▶ **Task instructions**
Below, locate the line that contains "Engagement party details". Repeat exactly from that line to the line that contains "#LTKWedding #LTKParties", inclusive, leaving out the pictures.
══ Working data
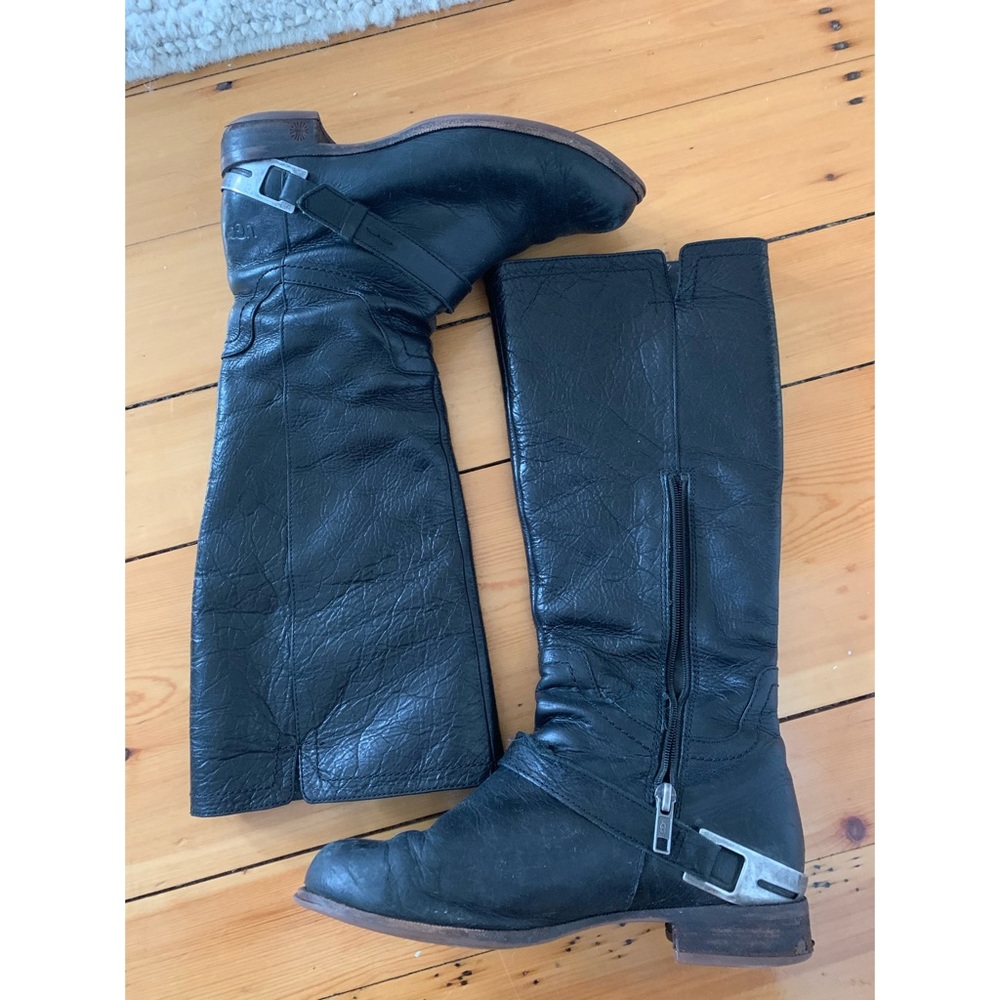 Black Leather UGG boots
════
══ Working data
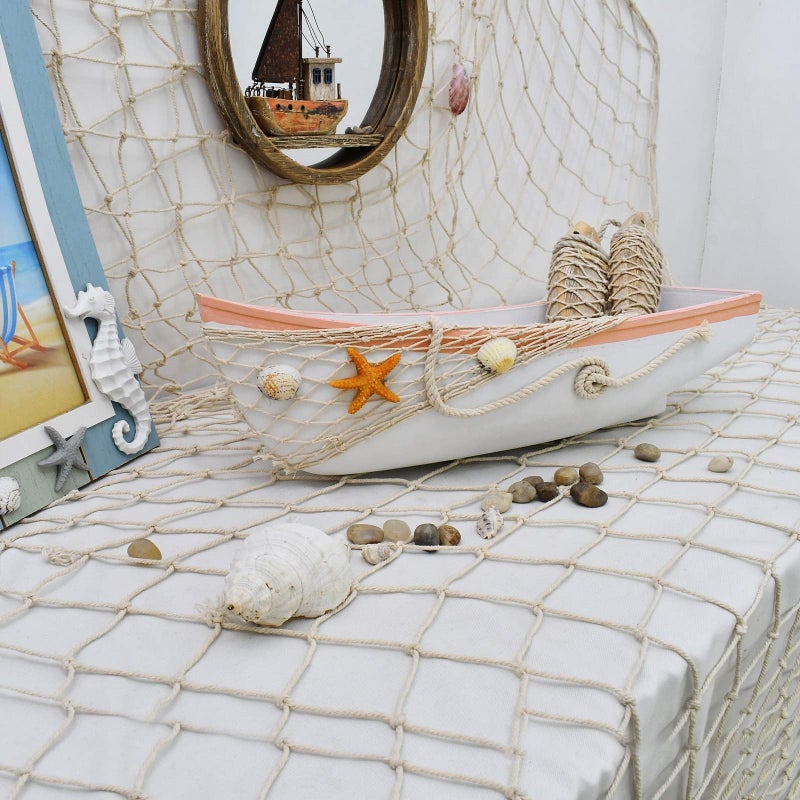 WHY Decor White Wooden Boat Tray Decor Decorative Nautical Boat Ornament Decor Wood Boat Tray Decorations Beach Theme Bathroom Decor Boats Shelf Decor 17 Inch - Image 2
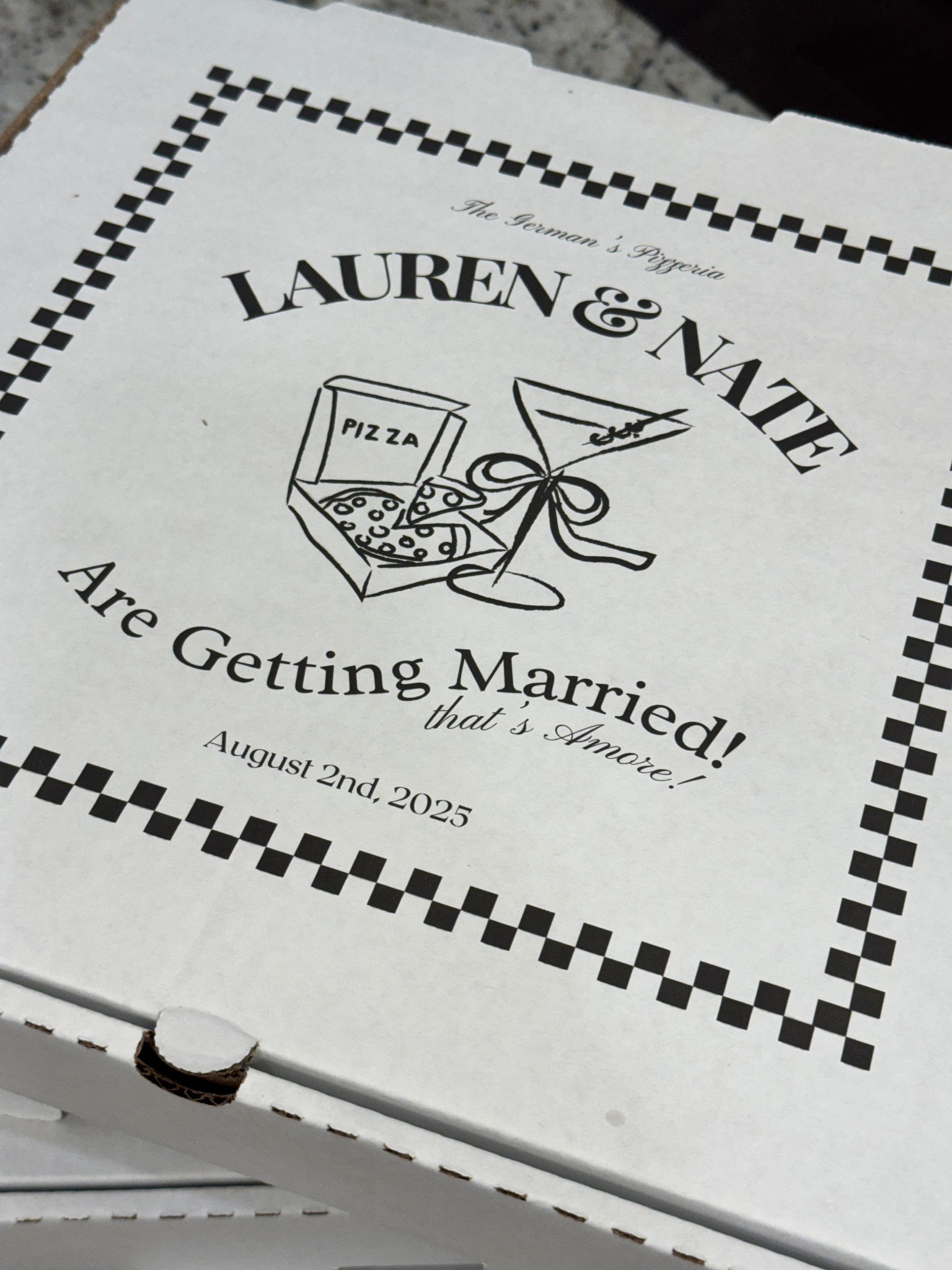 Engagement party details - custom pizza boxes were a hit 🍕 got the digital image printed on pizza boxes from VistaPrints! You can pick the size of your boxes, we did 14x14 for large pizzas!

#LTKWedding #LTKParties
════
▶ **Task response**
 Engagement party details - custom pizza boxes were a hit 🍕 got the digital image printed on pizza boxes from VistaPrints! You can pick the size of your boxes, we did 14x14 for large pizzas!

#LTKWedding #LTKParties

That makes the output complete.